On Sunday I sat my English exam. It's the equivalent of a Scottish Higher. If I pass, they'll think about letting me continue working as an English teacher. They don't care if I've got a degree and a PGCE. This is Greece. If you pass your Higher English, or the acceptable equivalent, you're in.

I arrived at the school an hour early (I'm that kinda guy), got an iced coffee from the tuck shop and smoked ten fags. We were led to a room on the first floor. I was the only person over sixteen. Apart from the Invigilator, of course, who told us to turn off our mobile phones and place them under our chairs. Mine was already turned off. It was in the inside pocket of my jacket. She told us again - phones off and under the chairs. We stared at her as one. Nobody moved.

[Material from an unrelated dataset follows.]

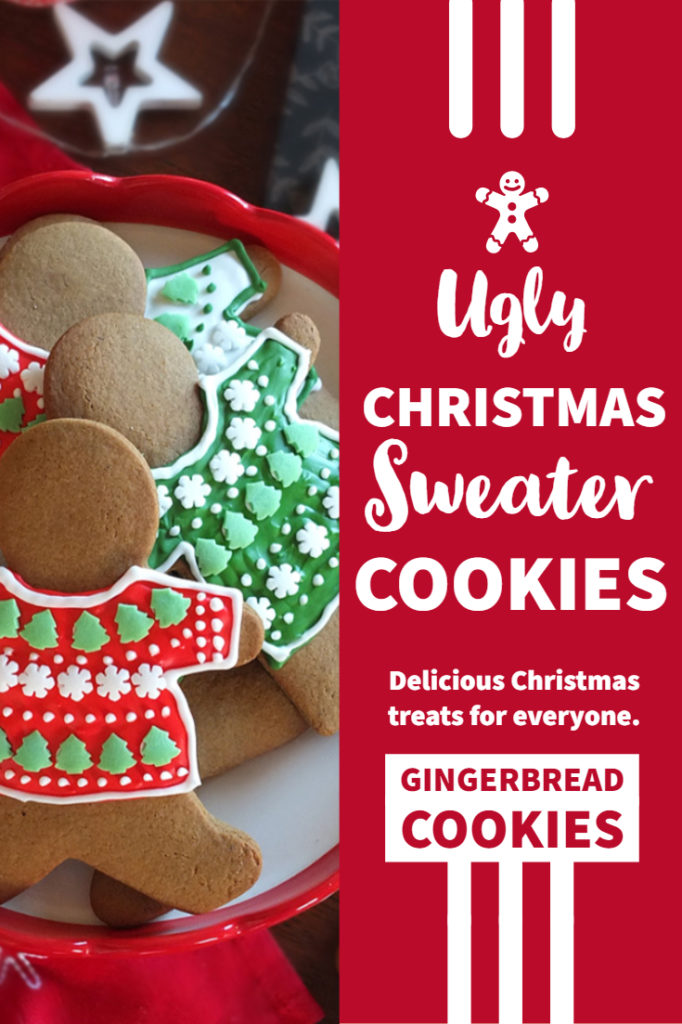 Ugly Christmas Sweater Gingerbread Cookies image - gingerbread men biscuits with decorated icing and sprinkles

The exam was in three parts. We started with Writing. The rubric said something about childhood being the best days of your life. I scribbled for half an hour. Then it was pencils down. Next was the Listening test, multiple choice questions based on short dialogues, then longer pieces featuring an intelligent octopus and the Wright Brothers. The final part was Use Of English and Reading, 120 multiple choice questions - Grammar, Vocabulary, a Cloze passage and four reading passages. It was all very straightforward, as well it might have been. I've been teaching the syllabus for this exam for the last 21 years.

I went downstairs at the end, dying for a coffee, but the tuck shop was shut. So I stood at the side of the car and had a fag. The exam isn't over yet - I've got an Oral in two weeks. I drove home. Later that evening I treated myself to a bottle of Rets down the Caff and worked on a story about cliques.